[Image-text web data]
++++

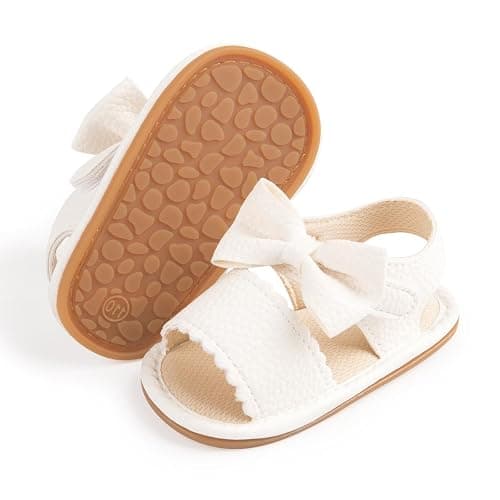 Babelvit Infant Baby Girl Boy Sandals Comfort Premium Summer Outdoor Casual Beach Shoes with Flower Bowknot Anti Slip Rubber Sole Newborn Toddler Prewalker First Walking Shoes - Image 1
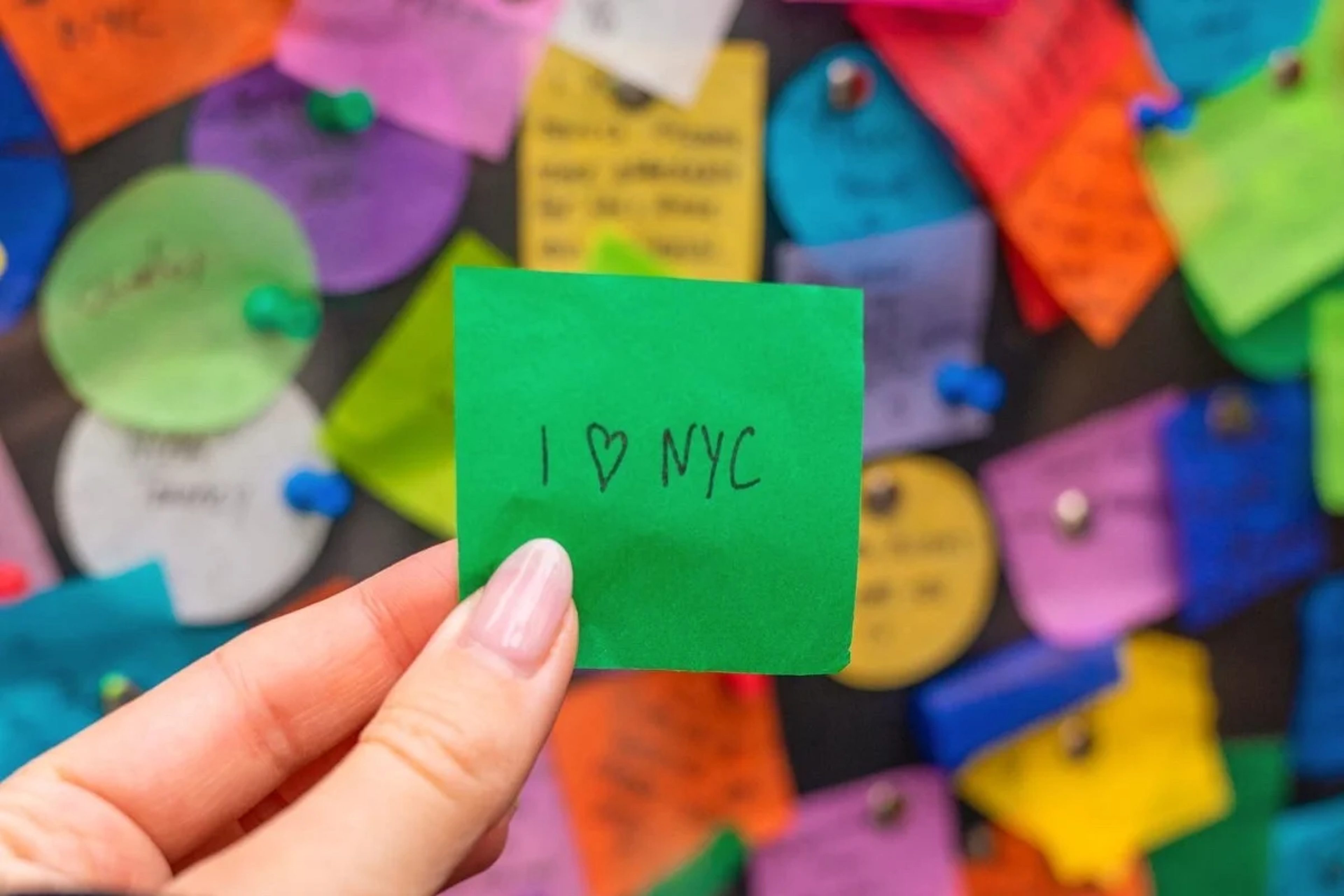 Wish on a piece of confetti for the New Year's Eve celebration in New York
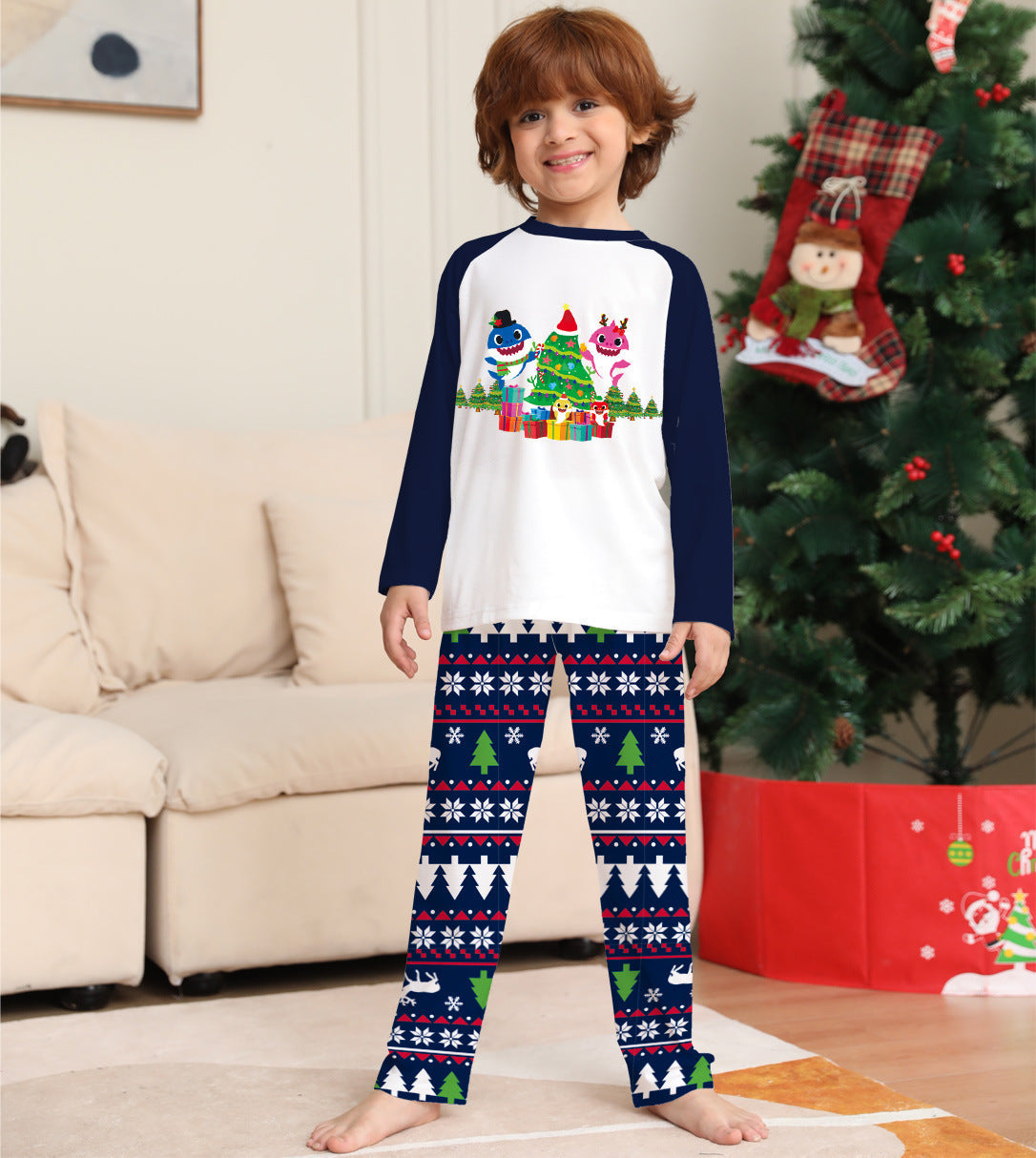 Family Matching Christmas Pajamas Set Xmas Long Sleeve Sleepwear Nightwear For Couples Kids Baby CJ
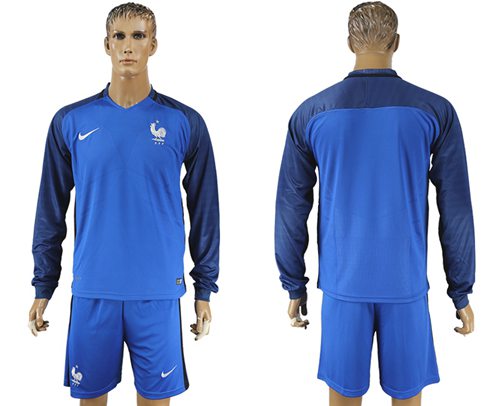 France Blank Home Long Sleeves Soccer Country Jersey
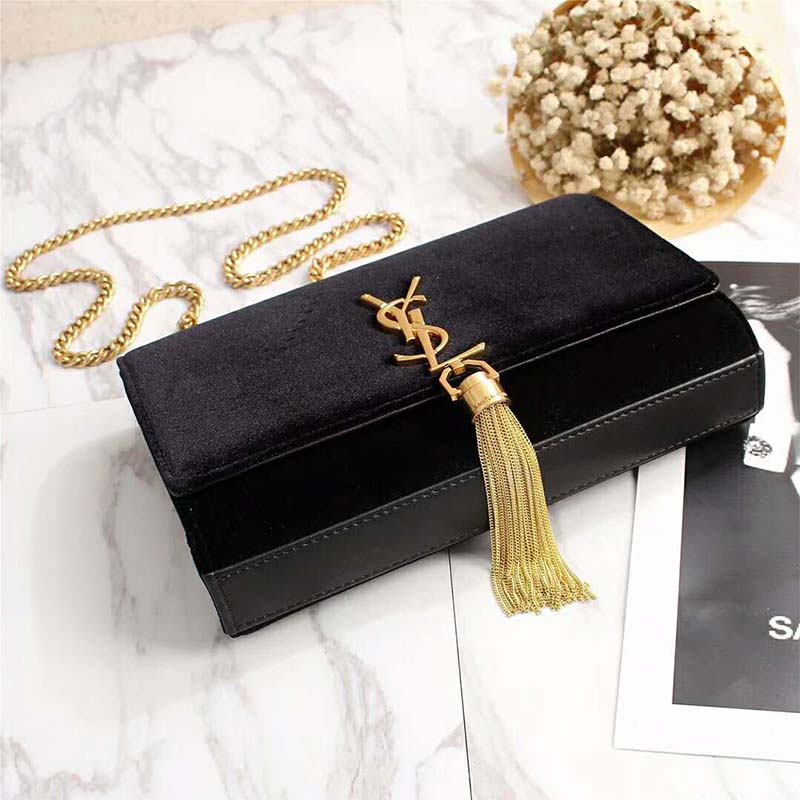 Saint Laurent YSL Women Kate Small with Tassel Velvet-Black - image 4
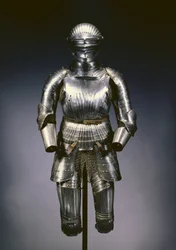 Uzavírací helma a částečná zbroj v maxmiliánském stylu, Norimberk, kolem 1525
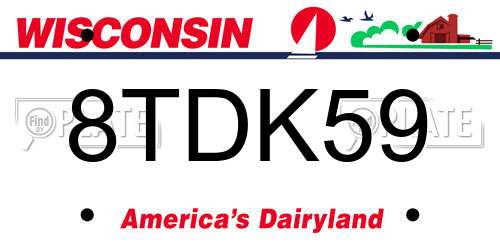 8TDK59 Wisconsin License Plate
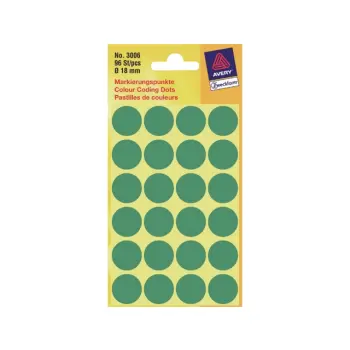 etiket avery zweck 3006 18mm rond 96st groen
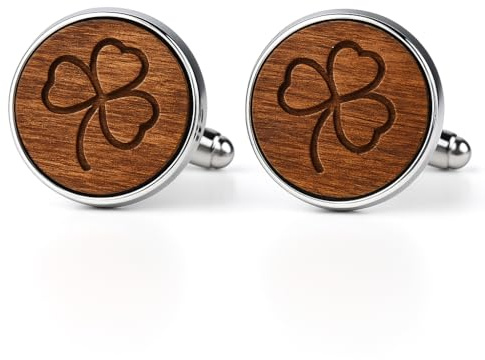 Pet-Jos Boutons de manchette en bois avec trèfle irlandais - Marron - Accessoire classique pour homme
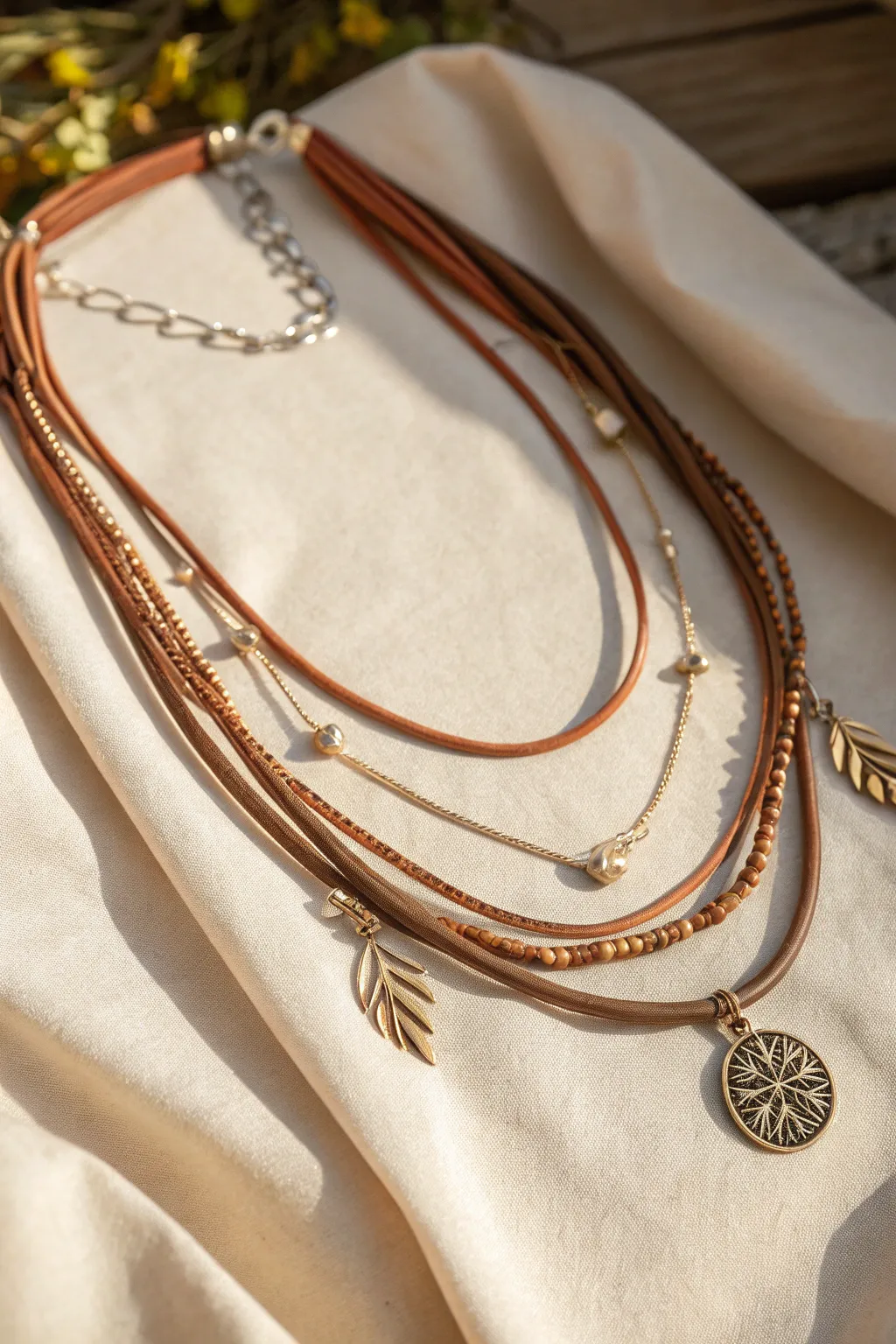 Embrace rustic elegance with handcrafted leather layered necklaces.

++++

» PROMPT
Look above for the line containing "Family Matching Christmas", then retype it and each line after it to the end of the records, exactly and without pictures.

» SOLUTION FOR THIS PROBLEM
 Family Matching Christmas Pajamas Set Xmas Long Sleeve Sleepwear Nightwear For Couples Kids Baby CJ
 France Blank Home Long Sleeves Soccer Country Jersey
 Saint Laurent YSL Women Kate Small with Tassel Velvet-Black - image 4
 Uzavírací helma a částečná zbroj v maxmiliánském stylu, Norimberk, kolem 1525
 8TDK59 Wisconsin License Plate
 etiket avery zweck 3006 18mm rond 96st groen
 Pet-Jos Boutons de manchette en bois avec trèfle irlandais - Marron - Accessoire classique pour homme
 Embrace rustic elegance with handcrafted leather layered necklaces.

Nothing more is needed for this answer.